O papel do gestor público, nesse sentido, é de suma importância
para apoiar a construção dessa narrativa; em primeiro lugar, fornecendo
e buscando de maneira sustentável o fornecimento da infraestrutura
básica que comporte a quantidade de pessoas que a cidade abriga,
atendendo à suas necessidades; e a seguir ou concomitantemente,
moldando ou reforçando a imagem vinculada aos elementos da
identidade local que contribuem para o futuro que se deseja construir -
tendo em mente sempre a gravidade de se falhar nessa comunicação,
construindo uma imagem desconectada da realidade local.

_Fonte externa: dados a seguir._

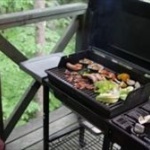 え、マンションのベランダでバーベキューに飲み会？ 周りの家は超迷惑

Caso se quisesse verificar de forma abrangente e estatística a
existência desta imagem negativa da cidade, ter-se-ia aplicado uma
pesquisa quantitativa através de questionário, que poderia ter sido
relacionada à taxa de retenção de estudantes ou taxa de evasão da
cidade, que também precisariam ser contabilizados. Talvez ainda seja
recente demais para se quantificar este impacto, mas pode ser trabalhado
futuramente.
Do mesmo modo, a partir de uma pesquisa quantitativa também
seria possível criar um quadro apresentando quais elementos específicos
compõem o quadro identitário do local e relacioná-lo a essa imagem,
para verificar se a imagem que os cidadãos possuem dele refletem
realmente esses fatores. No entanto, considerando a subjetividade da
98
questão e a quantidade de pessoas que precisariam responder a pesquisa
para validá-la, optou-se aqui pela pesquisa qualitativa; além disto, na
visão das cidades humanas inteligentes, este quadro deve ser construído
a partir de um trabalho conjunto dos setores da sociedade, impulsionado
pelo setor público (NEACSU, 2009), de forma que todas as pessoas se
sintam representadas no processo.
Compreende-se que trabalhar com valores relacionados à
identidade de uma cidade é complicado pelo grau de subjetividade
envolvido; entretanto, ignorá-los é ignorar que a cidade é composta por
pessoas, seres humanos com seus interesses, necessidades, desejos,
dores e dificuldades. A gestão de uma cidade verdadeiramente
inteligente deve entender a essencialidade destes fatores para seu
desenvolvimento e sustentabilidade dos serviços e estilo de vida
oferecido, para a construção da cidade que se deseja no futuro.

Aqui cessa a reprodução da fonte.